Resnais' first feature-length work, it was a co-production between France and Japan, and documents a series of intensely personal conversations (or one long conversation) over slightly more than a 24-hour period between an unnamed French actress and Japanese architect. The film is notable for Resnais' innovative use of brief flashbacks to suggest flashes of memory, which create a nonlinear storyline.

Along with films such as Breathless (1960) and The 400 Blows (1959), Hiroshima mon amour brought international attention to the new movement in French cinema and is widely considered to be one of the most influential films of the French New Wave. In particular, it was a major catalyst for Left Bank Cinema.

Plot
A series of closeups of the backs and arms of a man and woman embracing, amidst falling ash and then covered in sweat. In voiceover, the woman recounts the aftermath of the atomic bombing of Hiroshima that she has seen on her trip to the city, while newsreel and fictional footage of victims, protests, war memorials, and the streets and buildings of modern Hiroshima are shown. The man calmly says the woman has not seen anything, nor does she know what it is to forget. He is from Hiroshima and his family died in the bombing while he was off fighting in the war, and the woman is a French actress who is in the city to make an anti-war film.

In the morning, the woman watches the man sleep. His twitching hand reminds her of her first love, a soldier whose hand moved similarly as he lay dying. The Japanese man wakes, and it becomes clear he and the woman met the previous night at a café. She learns he is an architect who is involved in politics. They discuss the bombing and the end of the war, and he is enchanted by the word "Nevers", her hometown, to which she never wants to return. The man says he would like to see the woman again, but she says she is flying back to Paris the next day. Neither this nor the revelation that she has children change how he feels, but she, though torn, repeatedly declines to arrange another meeting.

The man visits the woman at the filming location, and she is happy to see him. He takes her back to his house. She asks if he lives alone, and he replies that his wife is out of town for a few days. They both say they are happy in their marriages, though they have had casual affairs before, and make love again. After deciding to spend the woman's remaining time in Hiroshima together, they go to a tea room, where the man asks the woman to tell him more about Nevers and her life there.

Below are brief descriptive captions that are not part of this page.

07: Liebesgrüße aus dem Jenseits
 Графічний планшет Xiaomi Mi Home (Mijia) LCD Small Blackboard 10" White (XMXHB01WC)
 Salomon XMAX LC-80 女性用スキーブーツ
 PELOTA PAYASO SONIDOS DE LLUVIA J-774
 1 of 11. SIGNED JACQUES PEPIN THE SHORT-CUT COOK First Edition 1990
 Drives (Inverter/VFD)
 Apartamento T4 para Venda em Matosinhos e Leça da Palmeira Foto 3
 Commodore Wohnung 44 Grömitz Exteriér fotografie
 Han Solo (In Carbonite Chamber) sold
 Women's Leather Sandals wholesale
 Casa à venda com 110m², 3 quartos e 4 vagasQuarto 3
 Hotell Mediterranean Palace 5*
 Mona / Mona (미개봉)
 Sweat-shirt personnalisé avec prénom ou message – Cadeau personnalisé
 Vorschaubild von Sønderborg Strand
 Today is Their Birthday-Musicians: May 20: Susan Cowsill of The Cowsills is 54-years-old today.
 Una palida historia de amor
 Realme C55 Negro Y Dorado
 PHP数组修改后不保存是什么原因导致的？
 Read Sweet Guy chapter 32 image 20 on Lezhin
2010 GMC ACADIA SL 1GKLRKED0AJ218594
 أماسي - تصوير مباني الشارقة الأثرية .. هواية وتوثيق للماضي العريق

Intercut with flashbacks, she tells how she and an occupying German soldier fell in love and planned to elope to Bavaria before he was shot while waiting for her on the day Nevers was liberated, how she stayed with him while he died over the next two days, how the villagers shaved her head when they found out about the relationship, and how her parents locked her alternately in her room and the cellar while her hair grew out and she came out of her madness and then sent her away to Paris just before Hiroshima was bombed. She tries to convey the pain she feels about forgetting the German and their love, and indicates she has been trying to keep her distance from the Japanese man because she does not want any more such heartbreak.

The man is elated when he learns the woman never told her husband about the German, but, when they leave the tea room, she tells him to go away and that they will probably never see each other again. In her hotel room, she feels guilty about telling the man about the German, but decides to stay in Hiroshima. She goes back to the now-closed tea room, and the man finds her and asks her to stay. She weakly says she will, but then tells him again to go away. They walk around the city, together and separately, images of Hiroshima alternating with images of Nevers. The woman goes to a train station, where she lets go of some of her issues surrounding her first love and decides she might like to visit Nevers. She takes a cab to a nightclub, the man following. The place is nearly empty and they sit apart. As the sun rises, a Japanese man sits by the woman and hits on her in English.

Back in the woman's hotel room, the architect knocks at the door. She lets him in and yells that she is already starting to forget him, but abruptly calms and says his name is "Hiroshima". He responds that it is, and her name is "Nevers".

Cast
 Emmanuelle Riva as Elle ("Her")
 Eiji Okada as Lui ("Him")
 Bernard Fresson as l'Allemand ("The German")
 Stella Dassas as la mère ("The Mother")
 Pierre Barbaud as le père ("The Father")

Production
According to James Monaco, Resnais was originally commissioned to make a short documentary about the atomic bomb, but spent several months confused about how to proceed because he did not want to recreate his 1956 Holocaust documentary Night and Fog. He later went to his producer and joked that the film could not be done unless Marguerite Duras was involved in writing the screenplay.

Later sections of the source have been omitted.